HSBC upgrades Phl growth forecast to 5.9%

Donnabelle L. Gatdula - The Philippine Star

MANILA, Philippines - British banking giant HSBC has upgraded its economic growth forecast for the Philippines this year to 5.9 percent, from its earlier estimate of 4.9 percent, due to the continuing improvement in external outlook, supportive monetary policy and increased fiscal spending of the past months.

In its latest global research, HSBC said the adjusted forecast also took into consideration a number of global developments that may affect domestic growth.

“For this year, we revise our GDP (gross domestic product) forecast upward by one percentage point to reflect stronger growth in Japan, improved economic indicators from the US as well as unusually accommodative monetary policy both abroad and at home,” it said.

HSBC likewise took note of the better-than-expected GDP growth.

“Growth in 2012 exceeded expectations at 6.6 percent and we upgrade our forecast to 5.9 percent from 4.9 percent in 2013,” it pointed out.

“One of the greatest comeback stories in the past year has been the Philippines. The island-nation has transformed from the “sick man of Asia” to a symbol of what gradual and steady reform can achieve. The economy surpassed expectations by expanding 6.6 percent from 3.9 percent, exceeding its long-term output potential of five percent, a remarkable feat, especially given the backdrop of the global slump in 2012,” it added.

Higher growth expectation, it said, was also anchored on optimism the Philippines may snatch the coveted investment-grade status in the next few months.

“The sovereign will likely be rewarded with an investment grade in second half for its prudent management of the economy,” it said.

The latest HSBC research also said remittances shielded the Philippines from sluggish external demand.

“Overseas Filipino worker (OFW) inflows rose above the BSP’s estimate of five percent to 6.3 percent in 2012, slightly down from 7.2 percent in 2011. While remittances have been waning in importance as a share of GDP to 8.5 percent in 2012 from nine percent in 2011, they continue to be vital to private spending in the Philippines.

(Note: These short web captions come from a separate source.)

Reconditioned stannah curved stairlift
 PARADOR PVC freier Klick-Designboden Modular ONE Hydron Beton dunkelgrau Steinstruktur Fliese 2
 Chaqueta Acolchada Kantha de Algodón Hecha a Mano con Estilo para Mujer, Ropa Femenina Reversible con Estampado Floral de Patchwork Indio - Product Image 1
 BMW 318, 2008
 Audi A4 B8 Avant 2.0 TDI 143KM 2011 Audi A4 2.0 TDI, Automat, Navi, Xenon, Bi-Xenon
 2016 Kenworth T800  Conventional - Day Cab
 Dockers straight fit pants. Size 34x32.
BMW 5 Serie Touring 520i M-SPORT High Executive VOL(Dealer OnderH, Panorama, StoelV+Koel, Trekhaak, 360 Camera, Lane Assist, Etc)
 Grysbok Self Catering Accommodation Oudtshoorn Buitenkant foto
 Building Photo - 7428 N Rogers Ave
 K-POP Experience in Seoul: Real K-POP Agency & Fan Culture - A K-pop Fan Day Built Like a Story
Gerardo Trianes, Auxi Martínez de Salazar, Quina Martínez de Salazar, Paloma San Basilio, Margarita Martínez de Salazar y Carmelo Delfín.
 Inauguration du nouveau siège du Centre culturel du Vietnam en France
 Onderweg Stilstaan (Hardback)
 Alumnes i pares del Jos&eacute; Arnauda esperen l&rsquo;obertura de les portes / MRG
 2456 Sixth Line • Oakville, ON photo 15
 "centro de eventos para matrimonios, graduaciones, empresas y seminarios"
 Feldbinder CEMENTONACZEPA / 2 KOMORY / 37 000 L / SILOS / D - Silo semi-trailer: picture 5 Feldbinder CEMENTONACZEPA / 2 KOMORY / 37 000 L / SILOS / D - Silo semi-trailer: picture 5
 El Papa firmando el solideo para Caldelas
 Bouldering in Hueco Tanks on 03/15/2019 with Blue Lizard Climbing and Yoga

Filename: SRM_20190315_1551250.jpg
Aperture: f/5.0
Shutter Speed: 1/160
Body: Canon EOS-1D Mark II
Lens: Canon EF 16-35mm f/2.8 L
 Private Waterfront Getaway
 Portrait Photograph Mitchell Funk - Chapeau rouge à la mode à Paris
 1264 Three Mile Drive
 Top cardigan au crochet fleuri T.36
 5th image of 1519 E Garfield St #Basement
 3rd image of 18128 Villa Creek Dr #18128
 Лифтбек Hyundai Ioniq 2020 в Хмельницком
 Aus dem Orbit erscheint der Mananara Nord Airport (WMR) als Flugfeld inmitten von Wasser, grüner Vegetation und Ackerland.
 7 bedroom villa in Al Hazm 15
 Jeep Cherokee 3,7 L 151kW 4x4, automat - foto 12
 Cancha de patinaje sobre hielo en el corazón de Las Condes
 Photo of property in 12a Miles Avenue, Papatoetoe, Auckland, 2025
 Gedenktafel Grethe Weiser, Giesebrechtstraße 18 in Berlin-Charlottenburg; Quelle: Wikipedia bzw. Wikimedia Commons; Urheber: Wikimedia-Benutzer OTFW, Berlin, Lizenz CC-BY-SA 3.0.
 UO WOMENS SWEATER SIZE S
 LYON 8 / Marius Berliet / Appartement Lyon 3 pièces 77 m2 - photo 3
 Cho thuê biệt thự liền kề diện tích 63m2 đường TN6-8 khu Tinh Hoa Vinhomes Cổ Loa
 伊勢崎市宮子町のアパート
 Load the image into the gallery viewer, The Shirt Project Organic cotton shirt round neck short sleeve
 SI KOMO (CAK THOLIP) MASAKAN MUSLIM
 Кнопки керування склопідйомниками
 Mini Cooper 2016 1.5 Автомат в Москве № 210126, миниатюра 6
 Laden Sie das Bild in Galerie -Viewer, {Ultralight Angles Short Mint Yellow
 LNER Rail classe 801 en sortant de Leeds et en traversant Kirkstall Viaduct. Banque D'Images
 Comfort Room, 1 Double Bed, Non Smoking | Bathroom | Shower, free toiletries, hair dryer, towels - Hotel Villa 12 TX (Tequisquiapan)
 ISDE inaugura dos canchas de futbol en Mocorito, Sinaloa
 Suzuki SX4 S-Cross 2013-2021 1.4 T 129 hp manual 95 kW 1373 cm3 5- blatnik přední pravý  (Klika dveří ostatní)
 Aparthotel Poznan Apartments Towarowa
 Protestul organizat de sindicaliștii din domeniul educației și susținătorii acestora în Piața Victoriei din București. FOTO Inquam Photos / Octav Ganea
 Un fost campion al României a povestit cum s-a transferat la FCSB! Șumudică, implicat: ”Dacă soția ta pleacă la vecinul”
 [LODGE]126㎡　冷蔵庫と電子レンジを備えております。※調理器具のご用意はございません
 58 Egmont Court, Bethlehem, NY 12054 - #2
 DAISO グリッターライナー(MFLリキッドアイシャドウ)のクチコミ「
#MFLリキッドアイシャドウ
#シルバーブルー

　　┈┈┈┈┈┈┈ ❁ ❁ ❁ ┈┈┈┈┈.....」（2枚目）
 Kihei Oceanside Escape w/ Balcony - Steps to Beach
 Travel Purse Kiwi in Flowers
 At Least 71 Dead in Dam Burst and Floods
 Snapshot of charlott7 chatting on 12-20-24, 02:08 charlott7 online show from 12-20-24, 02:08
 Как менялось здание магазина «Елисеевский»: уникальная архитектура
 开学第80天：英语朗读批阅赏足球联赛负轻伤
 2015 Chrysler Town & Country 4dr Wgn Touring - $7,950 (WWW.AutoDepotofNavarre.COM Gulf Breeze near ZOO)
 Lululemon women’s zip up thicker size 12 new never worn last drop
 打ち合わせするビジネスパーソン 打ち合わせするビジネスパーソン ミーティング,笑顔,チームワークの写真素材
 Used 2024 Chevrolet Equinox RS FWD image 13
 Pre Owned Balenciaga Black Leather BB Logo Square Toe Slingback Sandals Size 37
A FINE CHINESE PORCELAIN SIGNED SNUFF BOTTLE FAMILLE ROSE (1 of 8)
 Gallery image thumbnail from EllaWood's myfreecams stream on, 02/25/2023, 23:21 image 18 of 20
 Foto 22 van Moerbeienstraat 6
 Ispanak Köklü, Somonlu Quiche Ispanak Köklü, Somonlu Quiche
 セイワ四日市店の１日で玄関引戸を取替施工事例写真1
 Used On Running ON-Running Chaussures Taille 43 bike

More job contracts in the Middle East and Asia as well as strong demand for Filipino workers will keep remittances flowing in steadily in 2013 and we expect it to expand by 6.3 percent in 2013,” it said.

HSBC, however, noted some challenges the country has to face in the near future.

“Challenges remain, including weak infrastructure, but attaining cheaper and more stable sources of funding would allow the government to roll out broader reform agenda,” the report said.

“Acquiring cheaper and more stable sources of funding will lay a foundation for the government to focus on broader reform agendas. And a lot of work is still required.”

“While the country is endowed with natural resources, a skilled labor force, favorable demographics, and a dynamic domestic market to counter the global slump, a still lackluster infrastructure and business environment hinder investment and productivity,” it said.

It also noted that both manufacturing and electronics are losing their shine.

“This is largely due to the Philippines’ uncompetitive infrastructure and relatively high labor costs. For example, the country has one of the highest electricity costs in Asia,” it pointed out.

It said “an inefficient allocation of the labor market, caused by rigid minimum wage laws, result in labor uncompetitiveness. As such, despite having surplus labor (around 20 percent of the labor force is underemployed and about seven percent unemployed), the Philippines is not considered an attractive destination for manufacturing.”

HSBC likewise pointed out the need to put more focus on the development of human resources.

By the end of this year, the UN projects the Philippine population to reach 100 million.

Of this, it said about 70 percent is younger than 35 years old, making it one of the youngest nations in Asia. The population is expected to expand rapidly into 2050, allowing the working age population to reach almost 70 percent of the total population by that year.

“This has profound implications in that, should the government implement policy to educate and provide jobs for the burgeoning population, the Philippines could capitalize on its demographic advantages to raise economic output,” it said.